Sunday, October 30, 2005

Paul Walmsley's Comments on Colorado Election Rule 45

A brief reading of Colorado Secretary of State Election Rule 45 regarding Colorado's Voting System Certification Standards reveals several significant problems that should be resolved. The comments below describe some of these problems and proposes solutions in the form of an improved standards drafting process.

Several different versions of Rule 45 exist on the Secretary of State's web site. The following comments refer to what is apparently the most recent version of Rule 45, labeled "RULE 45 - 10-03-05" [1]. Furthermore, the comments below should not be considered a comprehensive review of Rule 45.

1. The State's voting system certification standards must be precisely written, and many sections of Rule 45 are not. This imprecision make it impossible to convert those into verifiable, testable metrics.

1.1. One example of this imprecision is section 45.5.2.1.1, which states that "the voting system shall exhibit an evolution towards new technologies," an abstract requirement which is never concretely elaborated. Another is section 45.5.2.3.8, which states that "the environment in which all databases in the subsystem are maintained shall include all necessary provisions for security and access control," without describing the actual security and access control provisions required. The practical requirements of these and other sections are unclear to the point of being meaningless. While statements of general guiding principles are important, they must be concretely defined with specific, testable criteria in standards documents.

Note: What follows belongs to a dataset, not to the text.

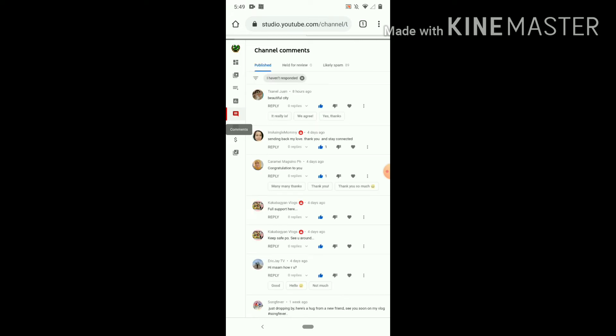In the comment section, you will see channel comments, published, held for review, likely spam. Yeah, this is the one. Oh my god, oh my god, I have 89 spam! So if you see, it's showing the number of how many spam comments you have.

1.2. Rule 45's performance standards also are very imprecisely defined. They make references to operational terms which have no publicly-accepted meaning, and which are not defined in the Rule's glossary, and extend the meanings of other terms, apparently to include other processes. For example, section 45.5.2.2.1 refers to "counting ballots", but does not define whether this process includes the process of casting ballots, as implied by the inclusion of the DRE requirement in subsection (b), or whether it includes the process of ballot scanning, as implied by the optical scan subsections (a) and (c), or whether it includes the process of vote tabulation, which on many systems is separate from the vote casting and ballot scanning processes. Section 45.5.2.2.2 refers to terms like "election media download" and "ballot style assignment" which are not defined - it's not clear whether these terms refer to pre-election preparations, or to the actual ballot casting process. It is also unclear whether these performance requirements refer to individual DRE or vote scanning machines, as implied by section 45.5.2.2.1; or whether these metrics refer to the voting system as a whole, including all of the DRE or vote scanning machines. Testing conformance to the performance requirements in Rule 45 is practically impossible unless the processes under test are rigorously defined.

1.3. The above examples represent only a portion of unclear requirements in Rule 45. These types of imprecision in a certification standards document is undesirable. It creates loopholes by which vendors may certify equipment to the letter of the Rule that does not meet the intention of the Rule. It also fosters confusion as to the Rule's true requirements.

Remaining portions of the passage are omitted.